The EPL takes an extremely broad and tolerant view of its social mandate, and is reluctant to ban or eject disruptive patrons for anything short of common assault. It counts engagement with the poorest and craziest as a success, and takes less notice of the middle class (which, after all, has its own district branches). But “incidents” inside the Milner have plummeted in number recently, and as far as I can tell it’s partly because staff and hired heavies are more aggressively rousting out the bathroom crackheads, napping bums, and ranters.

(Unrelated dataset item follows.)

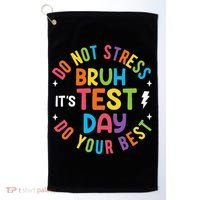 Bruh Its Test Day Rock The Test Teacher Student Testing Day Golf Towel thumb 0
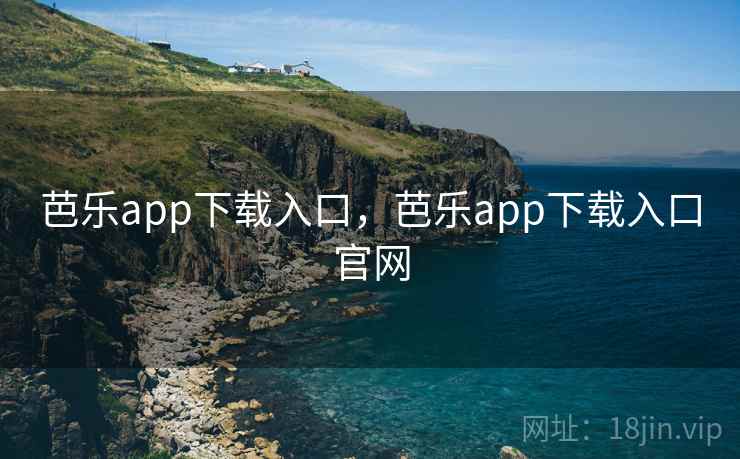 芭乐app下载入口，芭乐app下载入口官网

These flakes are being disgorged onto the street facing Sir Winston Churchill Square—lately transformed, with the support of current mayor Stephen Mandel, from a green space into a concrete festival venue. It handles that function nicely, seven or eight weeks every summer. The rest of the time it’s a drug mall for truant punks and a theme park for transient Indian youth. And the front of the library, kitty-corner from an LRT station, is essentially a poor man’s transit hub for the entire downtown between 97 and 109 Streets—an issue intensified by the recent closure of 102A Ave, another Mandelian “redevelopment” move that merged the Square with the City Hall block for pedestrians but forced westbound bus traffic to move nearer the library entrance. If you were looking for a proximate cause for intensifying conflict and boorishness at the foot of an edifice dedicated to liberalism, reason, and peace, this is surely the obvious choice.
Mandel provided a perfect metaphor of his approach to government when he was asked how the Milner’s problems could be solved and he suggested that it switch the main entrance—like the Square, recently remodelled at enormous expense—to what is now the south-facing rear of the building. He apparently saw no irony in asking the library to turn its face away, as if in shame, from his own cement calamity. Mandel, who is up for re-election in October, has wild, Kubitschek-esque plans to reshape Edmonton’s entire downtown. He’s done a heckuva job with just a couple of blocks; imagine what Mr. Unintended Consequences could accomplish if he’s really let off the leash.